Below are the records; repeat exactly their lines between the line holding "Ігор Терехов зустрівся" and the line holding "Vettel starta prvi", inclusive, skipping the pictures.

TASK INPUTS:
═══
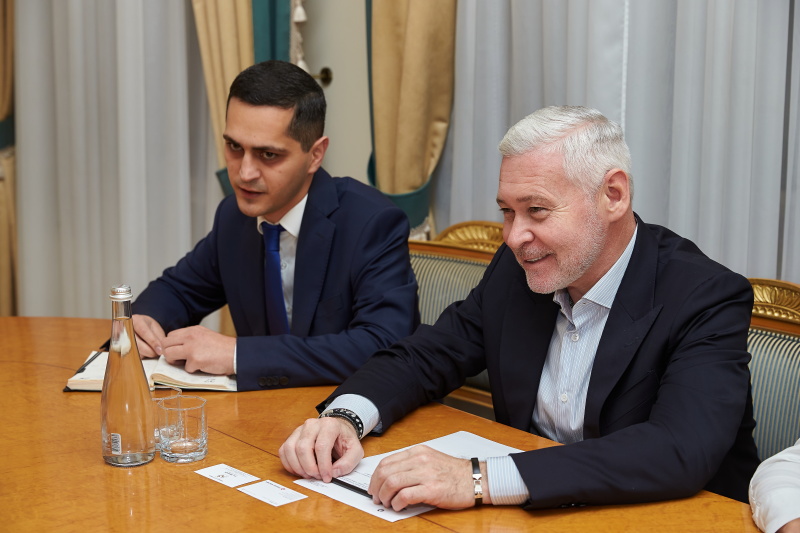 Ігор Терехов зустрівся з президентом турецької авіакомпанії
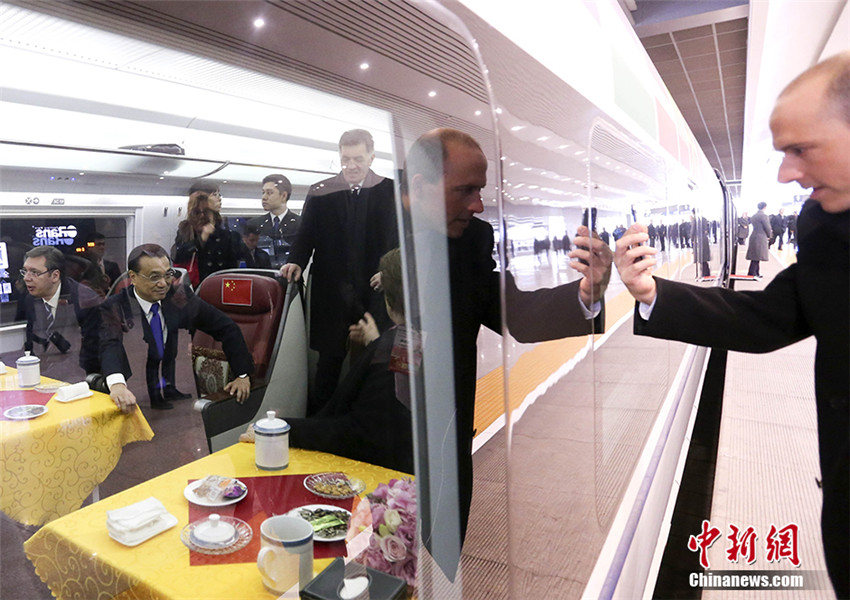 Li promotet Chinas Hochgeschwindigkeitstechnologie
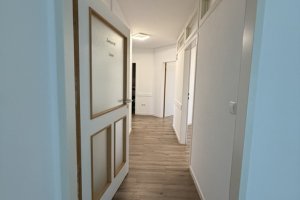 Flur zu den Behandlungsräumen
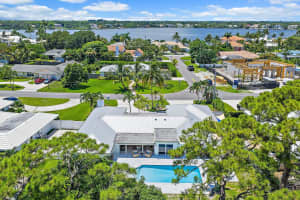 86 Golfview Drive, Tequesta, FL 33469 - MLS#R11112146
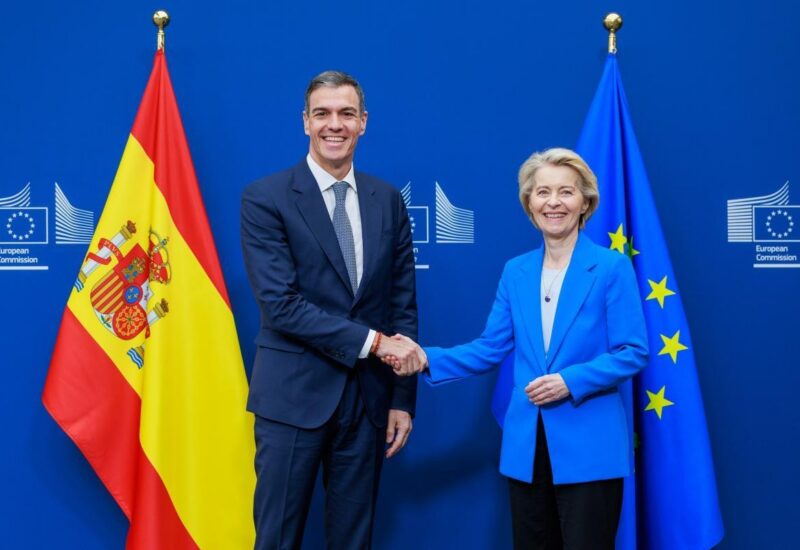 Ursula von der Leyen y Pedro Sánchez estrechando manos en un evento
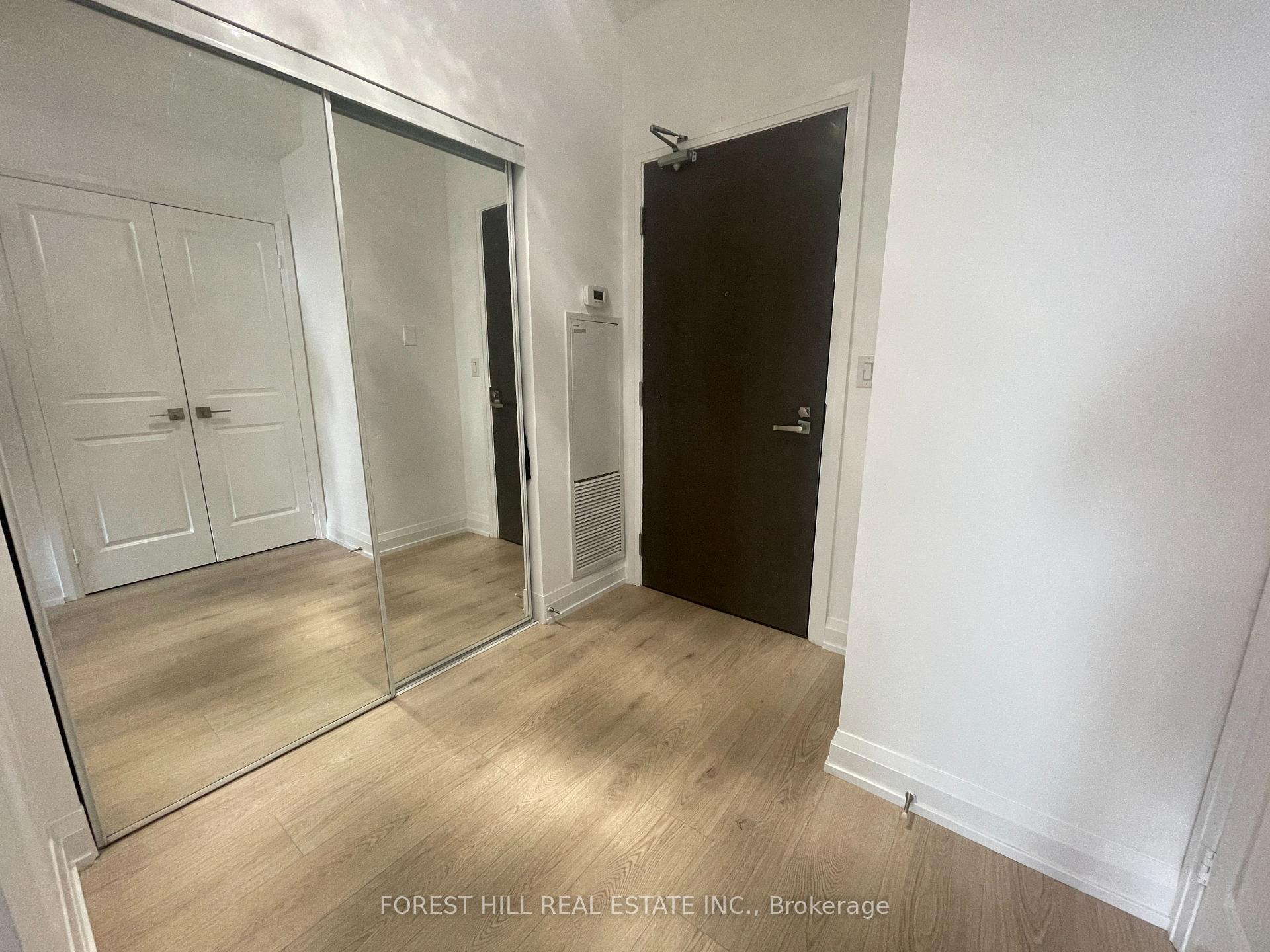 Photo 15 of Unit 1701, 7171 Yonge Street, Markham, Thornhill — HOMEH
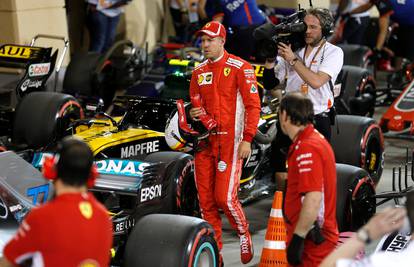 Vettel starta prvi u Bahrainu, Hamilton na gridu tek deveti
═══
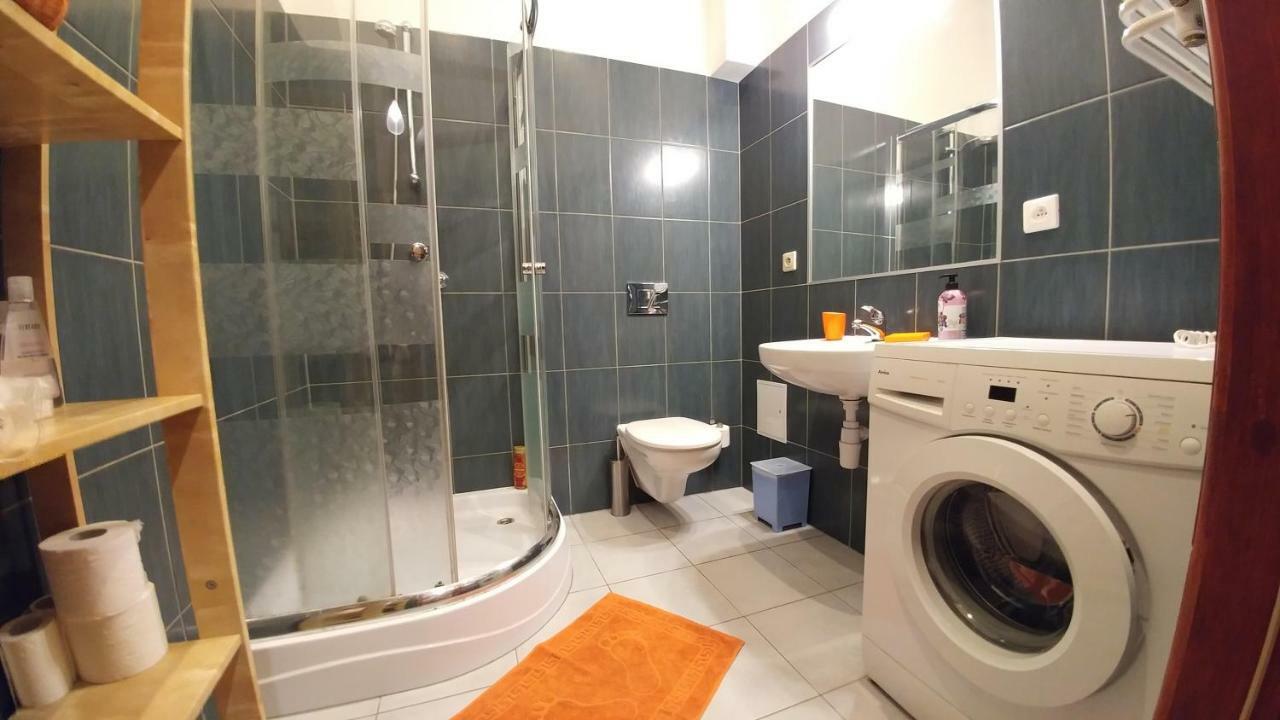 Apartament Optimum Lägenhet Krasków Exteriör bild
═══
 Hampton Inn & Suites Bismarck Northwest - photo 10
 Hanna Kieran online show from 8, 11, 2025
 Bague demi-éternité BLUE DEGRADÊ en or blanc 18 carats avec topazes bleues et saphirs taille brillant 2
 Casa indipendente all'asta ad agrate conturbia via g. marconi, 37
═══
PROBLEM SOLUTION:
 Ігор Терехов зустрівся з президентом турецької авіакомпанії
 Li promotet Chinas Hochgeschwindigkeitstechnologie
 Flur zu den Behandlungsräumen
 86 Golfview Drive, Tequesta, FL 33469 - MLS#R11112146
 Ursula von der Leyen y Pedro Sánchez estrechando manos en un evento
 Photo 15 of Unit 1701, 7171 Yonge Street, Markham, Thornhill — HOMEH
 Vettel starta prvi u Bahrainu, Hamilton na gridu tek deveti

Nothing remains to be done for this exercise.